How One Season of Football Affects a Child’s Brain
Oct. 23, 2016 Time
Research is mounting that concussions have devastating impacts on professional football players in the NFL—and the symptoms don’t happen overnight. The bad effects from concussions can continue years after the trauma, and brain experts say that damage to delicate neurons can also accumulate over time, even with repeated head injuries that don’t reach the level of concussion.
That’s why Dr. Christopher Whitlow, chief of neuroradiology at Wake Forest School of Medicine, and his colleagues investigated brain changes in young players. Whitlow wanted to better understand how non-concussive trauma to the head, the kind caused by normal football play, affects the brain. In a study published in the journal Radiology, his team reports that although these changes are subtle, they are visible in the brains of young players.
The study involved 25 boys between ages eight and 13 years who played a single season of football. The players agreed to wear special helmets that tracked impacts to the head and had MRIs done at the beginning and end of the season to note any differences resulting from their season of play.
Whitlow found that the more impacts a player had to the head, the more changes in a part of the brain called white matter, which is made up of insulated neurons that form the basis of communication between different parts of the brain. Such changes are concerning since the white matter of the brain is still developing and evolving during this age, and changes to its normal trajectory might have lasting effects on many aspects of brain function, from cognition to personality to behavior.

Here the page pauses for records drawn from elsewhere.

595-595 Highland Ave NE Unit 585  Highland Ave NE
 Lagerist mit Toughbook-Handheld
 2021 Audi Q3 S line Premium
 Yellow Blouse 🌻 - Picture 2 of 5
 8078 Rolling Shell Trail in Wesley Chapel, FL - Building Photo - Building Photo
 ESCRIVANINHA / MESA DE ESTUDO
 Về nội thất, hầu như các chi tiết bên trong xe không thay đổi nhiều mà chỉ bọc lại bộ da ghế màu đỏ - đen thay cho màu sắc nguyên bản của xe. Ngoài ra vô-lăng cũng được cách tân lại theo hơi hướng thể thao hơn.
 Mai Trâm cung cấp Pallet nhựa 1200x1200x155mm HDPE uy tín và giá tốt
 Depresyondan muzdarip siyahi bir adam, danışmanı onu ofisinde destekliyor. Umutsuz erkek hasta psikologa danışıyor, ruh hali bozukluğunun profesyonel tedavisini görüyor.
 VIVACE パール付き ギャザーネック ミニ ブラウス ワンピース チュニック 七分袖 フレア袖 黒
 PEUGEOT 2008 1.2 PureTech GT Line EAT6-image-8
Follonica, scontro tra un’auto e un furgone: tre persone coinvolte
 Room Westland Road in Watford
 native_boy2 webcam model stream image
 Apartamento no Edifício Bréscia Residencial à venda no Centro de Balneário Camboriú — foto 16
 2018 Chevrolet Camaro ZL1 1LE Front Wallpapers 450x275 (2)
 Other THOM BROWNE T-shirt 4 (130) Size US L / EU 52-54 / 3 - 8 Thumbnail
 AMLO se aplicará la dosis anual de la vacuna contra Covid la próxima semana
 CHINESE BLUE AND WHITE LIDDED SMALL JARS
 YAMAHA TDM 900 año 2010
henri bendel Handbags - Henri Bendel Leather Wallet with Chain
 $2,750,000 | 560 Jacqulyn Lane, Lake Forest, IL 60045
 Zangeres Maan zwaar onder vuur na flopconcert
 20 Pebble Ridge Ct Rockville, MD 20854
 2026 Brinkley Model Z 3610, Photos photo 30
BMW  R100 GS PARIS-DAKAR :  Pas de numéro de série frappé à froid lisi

For now, it’s not clear what these changes may mean, or whether they have any impact on thinking or development. “There’s a lot we don’t know about the changes,” says Whitlow. “We don’t know if they persist. We don’t know if a couple weeks after the season ends, they go away.”
The differences are so subtle that if a brain expert were to look at the MRIs of the players after the season ended, they would not necessarily identify them as having experienced brain trauma. The changes are only evident when compared to the original brain scans.
Whitlow is following some of the players for a longer period of time to see if continued play for additional seasons increases the changes, and whether these changes start to impact their cognitive functions. He’d like to follow more players for five years to better understand the impact of these white matter alterations.
For now, he says, the results shouldn’t discourage children from being physically active, or even from playing football. But, he says, “we should do simple things now to protect children, like knowing the signs and symptoms of concussion and teaching them to children, so if they are injured on the field, they can get help from health professionals right away.”